Date:16th November 2011
Crew: Myself (cameraman, Producer/Director) and George (Assistant)
Cast: Lydia (Ribbon Girl)
Equipment: Steadicam, Tripod. Canon 600D. Battery pack. 16GB SD card.
I needed to establish the girl who follows the ribbon within an equally if not greater urban setting to the one the boy starts in to get that replicated journey of traveling from the city into the countryside.
Southampton seemed like a great place to film due to its high tower blocks and gritty council estates and a concrete landscape that can't quite be found in the surrounding city's of Bournemouth, Salisbury and Portsmouth.
George, who needed to get a few shots for his own media project had agreed to give us a lift up on that day and having fitted it in with Lydia's free period in the afternoon I was hoping to catch the best of the late afternoon low light.
Driving up to Southampton I had an idea of the location I wanted to film at but because of its central location near the railway station I had worries about being able to capture Lydia, isolated within the environment without having members of the public constantly coming into the background of shots.
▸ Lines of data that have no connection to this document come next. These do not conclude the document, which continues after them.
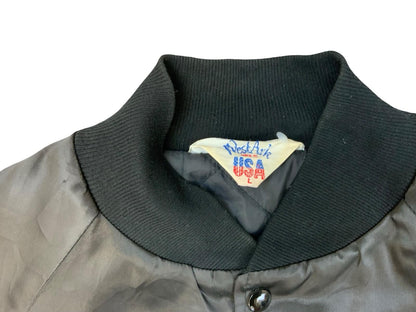 VTG USA 80s WHITIER ELKS  CLUB LODGE CA SILKY COACH VARSITY JACKET FRAT MASONS L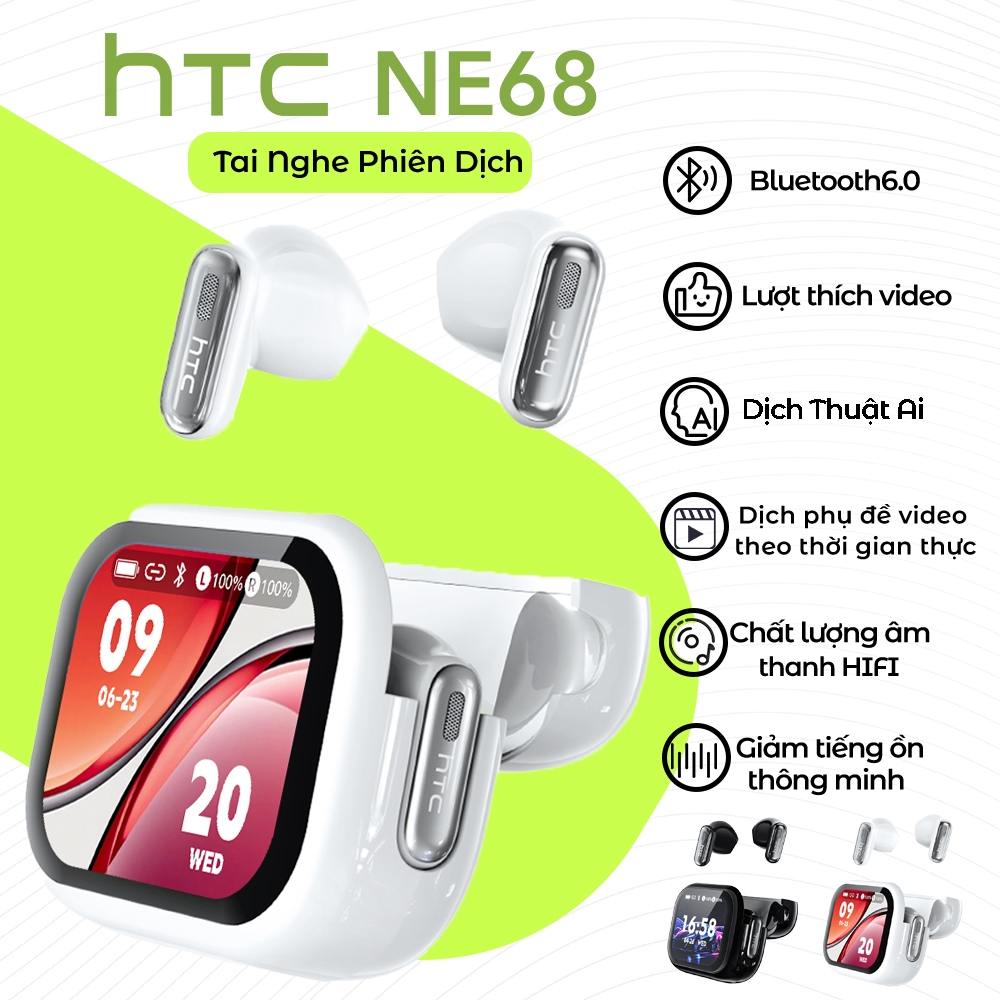 HTC NE68 Tai Nghe Phiên Dịch Dịch Hỗ trợ dịch phụ đề video theo thời gian thực Thời Gian Thực 134 Ngôn Ngữ luetooth 6.0 Màn Âm HiFi màn hình LED Chống ồn ANC  Chống nước IPX5  cho IOS / Android / PC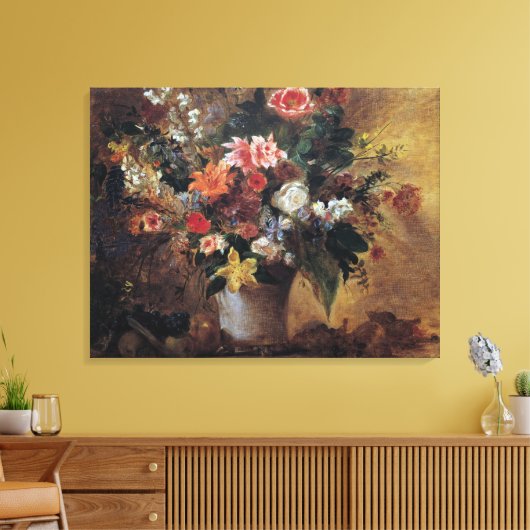 Eugene Delacroix Bouquet van Bloemen Canvas Afdruk (Insitu (Woonkamer))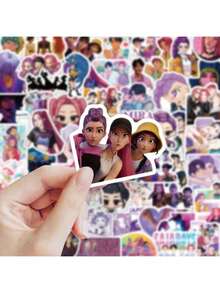 74pcs KPop Demon Hunters Graffiti Stickers, Girl Group Mira Rumi Zoey, Demon Boy Band Cartoon Character Graffiti Stickers, DIY Creative Laptop Stickers - Multicolor - View 3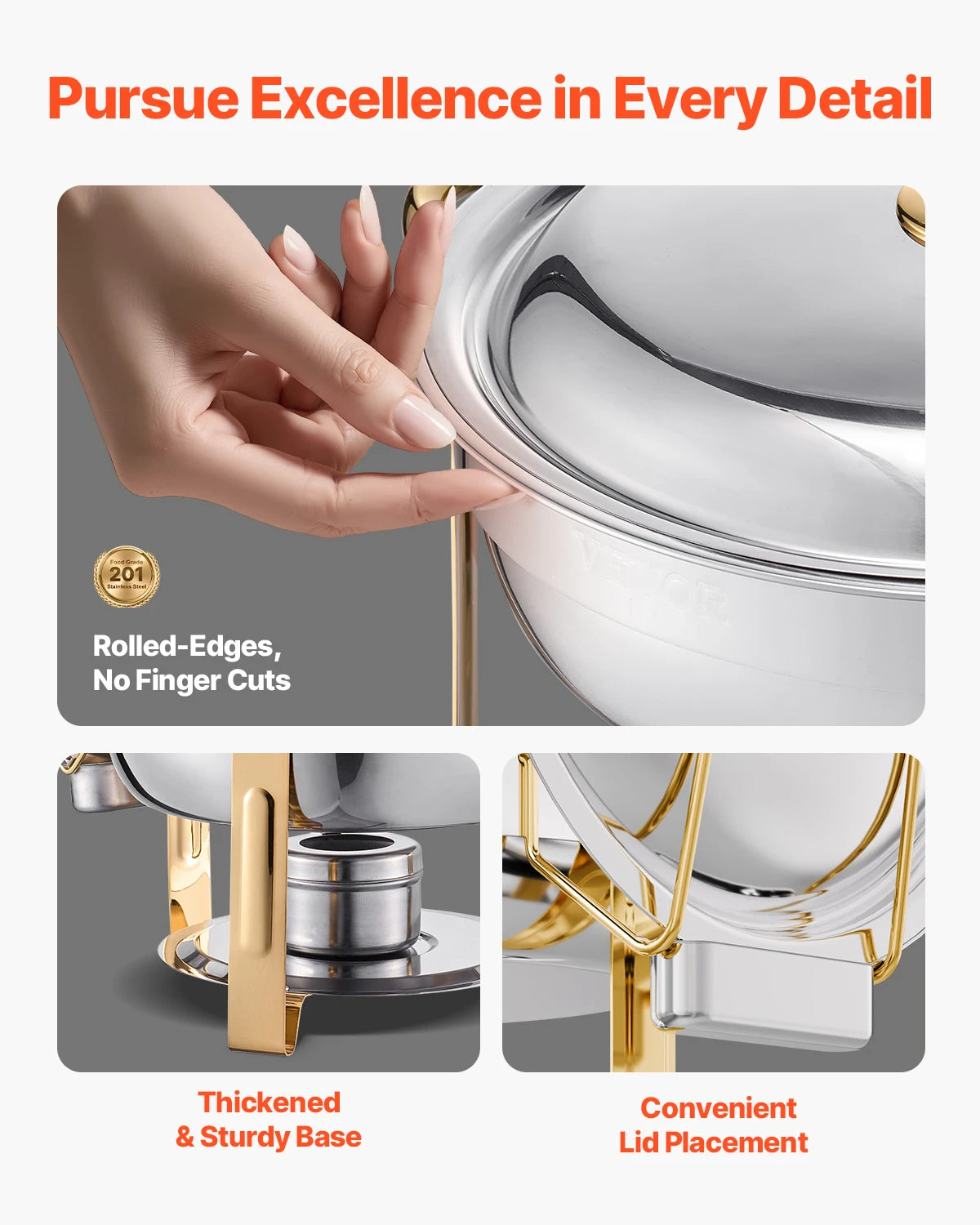 SucceBuy 4 Pack Chafing Dish Buffet Set Stainless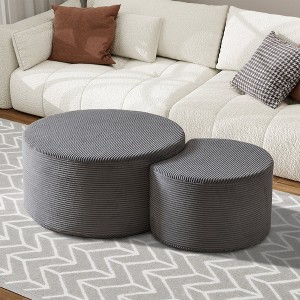 Aortzio Round Coffee Table Set of 2,Modern Upholstered Nesting Coffee Tables for Living Room - 1 of 4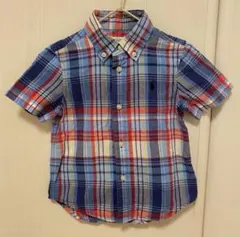 美品☆Ralph Lauren チェック柄 半袖シャツ　18M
George needed a rundown tower block to film at and because that sort of a location also suited me, we ended up sourceing a location for filming within a southampton University halls of residency.
In some ways the location was perfect, a large shabby tower block with no one within the immediate vicinity. However this landscape only covered a small area with a green sports field to one side and a large victorian house on the other. This meant that although i would be able to get a few shots, i was going to struggle to get enough in different places at the location to create a sense of a journey similar to the Boy's.
Although i had storyboarded shot ideas of the girl's journey, I knew that it would be quite hard applying them without knowing the geography of the location until the day of the shoot. I managed to replicate the opening shot of the girl following the ribbon that I had planned. The white of the wall against the red of the ribbon seemed to work well and I used a door handle to attach the end of the ribbon onto. I experimented with the use of focus in the shot with the camera on the steadicam. What seemed to work best was having a short depth of field with the tracking closeup of the red ribbon against the white wall moving past it and framing the girl coming from the otherside in a medium wide shot out of focus.
I was in two minds as to the best white balance setting to use for the shoot, part of me wanted to set it to Auto or cloudy as this gave the images the most true colours but at the same time I wanted the colouring to marry with that of the boy following the ribbon. It felt imperative to portray both of their journeys happening at the same time, going from sunrise to sunset. Therefore I was also drawn to use the same 'tungsten white' white balance setting i'd used for the shoot in Verwood. I tried both when filming the opening shot. However shooting against the white of the wall it became obvious that the colouring was far too cold when using the tungsten white balance setting to the point of being visibly blue.